ASSIGNMENT -
Please quote exactly the opening lines of the data, from the first line to the one where "Compatible with MacBook" appears.

________________________________________

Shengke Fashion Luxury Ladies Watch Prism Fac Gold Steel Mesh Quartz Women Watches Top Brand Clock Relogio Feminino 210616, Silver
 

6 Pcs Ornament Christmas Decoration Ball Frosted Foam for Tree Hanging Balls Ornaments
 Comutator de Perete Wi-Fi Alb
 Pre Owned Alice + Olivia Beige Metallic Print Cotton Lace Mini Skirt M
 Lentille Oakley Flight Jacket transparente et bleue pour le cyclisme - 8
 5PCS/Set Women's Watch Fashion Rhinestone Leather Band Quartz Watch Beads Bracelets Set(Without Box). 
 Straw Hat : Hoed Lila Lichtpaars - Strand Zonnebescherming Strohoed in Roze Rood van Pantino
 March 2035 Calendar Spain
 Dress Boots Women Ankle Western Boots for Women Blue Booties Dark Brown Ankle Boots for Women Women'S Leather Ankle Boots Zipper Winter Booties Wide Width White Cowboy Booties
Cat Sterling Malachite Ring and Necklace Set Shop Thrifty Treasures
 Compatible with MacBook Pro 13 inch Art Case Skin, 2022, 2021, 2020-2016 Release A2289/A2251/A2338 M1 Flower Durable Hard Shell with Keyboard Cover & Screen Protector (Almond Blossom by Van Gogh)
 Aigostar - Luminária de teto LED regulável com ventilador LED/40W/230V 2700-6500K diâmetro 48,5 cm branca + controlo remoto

________________________________________

TASK SOLUTION -
Shengke Fashion Luxury Ladies Watch Prism Fac Gold Steel Mesh Quartz Women Watches Top Brand Clock Relogio Feminino 210616, Silver
 

6 Pcs Ornament Christmas Decoration Ball Frosted Foam for Tree Hanging Balls Ornaments
 Comutator de Perete Wi-Fi Alb
 Pre Owned Alice + Olivia Beige Metallic Print Cotton Lace Mini Skirt M
 Lentille Oakley Flight Jacket transparente et bleue pour le cyclisme - 8
 5PCS/Set Women's Watch Fashion Rhinestone Leather Band Quartz Watch Beads Bracelets Set(Without Box). 
 Straw Hat : Hoed Lila Lichtpaars - Strand Zonnebescherming Strohoed in Roze Rood van Pantino
 March 2035 Calendar Spain
 Dress Boots Women Ankle Western Boots for Women Blue Booties Dark Brown Ankle Boots for Women Women'S Leather Ankle Boots Zipper Winter Booties Wide Width White Cowboy Booties
Cat Sterling Malachite Ring and Necklace Set Shop Thrifty Treasures
 Compatible with MacBook Pro 13 inch Art Case Skin, 2022, 2021, 2020-2016 Release A2289/A2251/A2338 M1 Flower Durable Hard Shell with Keyboard Cover & Screen Protector (Almond Blossom by Van Gogh)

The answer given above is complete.